Critics of Bernie Sanders’s trip to the Soviet Union are distorting it
Bernie Sanders’s rise to front-runner status in the Democratic primary has prompted renewed scrutiny of favorable statements Sanders made about socialist dictatorships in the 1980s (comments he has since defended) and, in particular, his 1988 trip to the Soviet Union.
Sanders’s critics complain that the senator’s compliments of certain aspects of the Soviet Union ignore and minimize that country’s horrible crimes. However, the story is more complicated than they acknowledge. The Soviet Union of 1988 was no longer the Stalinist dictatorship it once was, nor was it even the Brezhnev-era oligarchy that preceded it. Rather, Sanders’s trip to the U.S.S.R. came when the country under Mikhail Gorbachev was taking radical steps to democratize, and U.S. leaders on both sides of the aisle were encouraging such changes. Understood in this context, Sanders’s remarks show a desire to challenge stereotypes and end the Cold War — not support for authoritarianism.
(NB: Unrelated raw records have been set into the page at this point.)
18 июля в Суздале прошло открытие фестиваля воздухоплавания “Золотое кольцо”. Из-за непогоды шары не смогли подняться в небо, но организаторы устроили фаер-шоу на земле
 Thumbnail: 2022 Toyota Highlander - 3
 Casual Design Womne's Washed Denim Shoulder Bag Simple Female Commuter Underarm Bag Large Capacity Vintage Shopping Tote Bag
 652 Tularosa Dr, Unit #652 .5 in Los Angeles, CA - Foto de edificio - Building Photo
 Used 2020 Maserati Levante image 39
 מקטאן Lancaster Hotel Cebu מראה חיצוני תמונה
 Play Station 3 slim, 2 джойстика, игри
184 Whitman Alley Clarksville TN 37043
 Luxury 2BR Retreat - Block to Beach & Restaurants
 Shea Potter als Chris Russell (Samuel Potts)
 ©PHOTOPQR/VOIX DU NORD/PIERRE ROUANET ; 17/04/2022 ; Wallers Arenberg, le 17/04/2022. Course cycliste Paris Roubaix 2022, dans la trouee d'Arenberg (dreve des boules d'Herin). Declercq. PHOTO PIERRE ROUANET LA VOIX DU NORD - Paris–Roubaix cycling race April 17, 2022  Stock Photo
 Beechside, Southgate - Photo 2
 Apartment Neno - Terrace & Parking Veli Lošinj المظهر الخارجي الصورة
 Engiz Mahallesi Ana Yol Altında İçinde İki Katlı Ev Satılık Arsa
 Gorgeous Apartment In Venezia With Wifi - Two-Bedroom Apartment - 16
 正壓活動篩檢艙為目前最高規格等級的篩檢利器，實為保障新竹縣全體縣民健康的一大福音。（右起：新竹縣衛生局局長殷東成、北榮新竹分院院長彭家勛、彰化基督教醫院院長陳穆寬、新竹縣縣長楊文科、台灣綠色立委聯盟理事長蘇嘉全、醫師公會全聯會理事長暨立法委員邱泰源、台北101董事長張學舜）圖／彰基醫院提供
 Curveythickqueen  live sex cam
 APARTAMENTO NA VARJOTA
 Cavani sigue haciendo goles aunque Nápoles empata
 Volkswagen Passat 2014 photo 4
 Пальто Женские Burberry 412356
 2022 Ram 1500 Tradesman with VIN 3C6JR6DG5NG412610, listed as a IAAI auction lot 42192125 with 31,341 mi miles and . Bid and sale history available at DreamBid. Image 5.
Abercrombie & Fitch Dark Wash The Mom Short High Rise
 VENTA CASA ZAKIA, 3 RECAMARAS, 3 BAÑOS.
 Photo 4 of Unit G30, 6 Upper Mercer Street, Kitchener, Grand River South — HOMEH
Beginning in the late 1970s, the Cold War dramatically hardened, reversing thaws of the prior decade. Clashes over the Soviet invasion of Afghanistan, human rights and arms control brought the Soviet Union and the United States to the brink of military confrontation. Ronald Reagan adopted a hard-line strategy to what he labeled “the evil empire”: Even when he wanted to ease tensions, Reagan found himself without a negotiating partner thanks to a rapid succession of aging Soviet leaders.
But with the rise of Gorbachev in 1985 came dramatic transformation. Gorbachev was ready to cast off years of orthodoxy at home and abroad. The new Soviet general secretary was eager to resume dialogue with the United States to both improve the security of the U.S.S.R. and to create room for what would turn into a radical set of domestic reforms.